## Task prompt
Please copy each line of the records below that includes the word "Black".

(Scraped caption text data)
^^^^

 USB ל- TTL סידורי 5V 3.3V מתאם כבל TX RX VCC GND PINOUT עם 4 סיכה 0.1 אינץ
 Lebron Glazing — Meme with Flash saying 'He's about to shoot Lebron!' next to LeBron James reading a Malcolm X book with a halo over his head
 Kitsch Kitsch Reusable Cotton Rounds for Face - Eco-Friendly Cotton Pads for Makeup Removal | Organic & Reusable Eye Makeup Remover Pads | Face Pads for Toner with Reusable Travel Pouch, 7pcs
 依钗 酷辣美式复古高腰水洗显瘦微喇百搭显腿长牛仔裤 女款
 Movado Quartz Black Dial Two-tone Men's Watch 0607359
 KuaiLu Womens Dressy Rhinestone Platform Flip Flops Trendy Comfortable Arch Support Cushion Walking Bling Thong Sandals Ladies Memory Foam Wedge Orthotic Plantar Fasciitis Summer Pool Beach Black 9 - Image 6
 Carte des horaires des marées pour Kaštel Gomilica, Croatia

^^^^

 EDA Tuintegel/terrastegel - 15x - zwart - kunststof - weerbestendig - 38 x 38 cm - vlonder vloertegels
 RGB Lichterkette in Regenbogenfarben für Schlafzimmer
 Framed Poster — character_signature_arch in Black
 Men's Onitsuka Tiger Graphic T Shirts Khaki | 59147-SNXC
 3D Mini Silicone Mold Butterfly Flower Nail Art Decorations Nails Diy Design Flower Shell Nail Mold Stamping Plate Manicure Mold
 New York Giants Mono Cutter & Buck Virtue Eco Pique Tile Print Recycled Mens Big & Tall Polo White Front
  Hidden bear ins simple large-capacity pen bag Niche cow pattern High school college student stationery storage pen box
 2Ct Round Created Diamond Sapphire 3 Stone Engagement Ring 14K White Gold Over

^^^^

## Output
 Movado Quartz Black Dial Two-tone Men's Watch 0607359
 KuaiLu Womens Dressy Rhinestone Platform Flip Flops Trendy Comfortable Arch Support Cushion Walking Bling Thong Sandals Ladies Memory Foam Wedge Orthotic Plantar Fasciitis Summer Pool Beach Black 9 - Image 6
 Framed Poster — character_signature_arch in Black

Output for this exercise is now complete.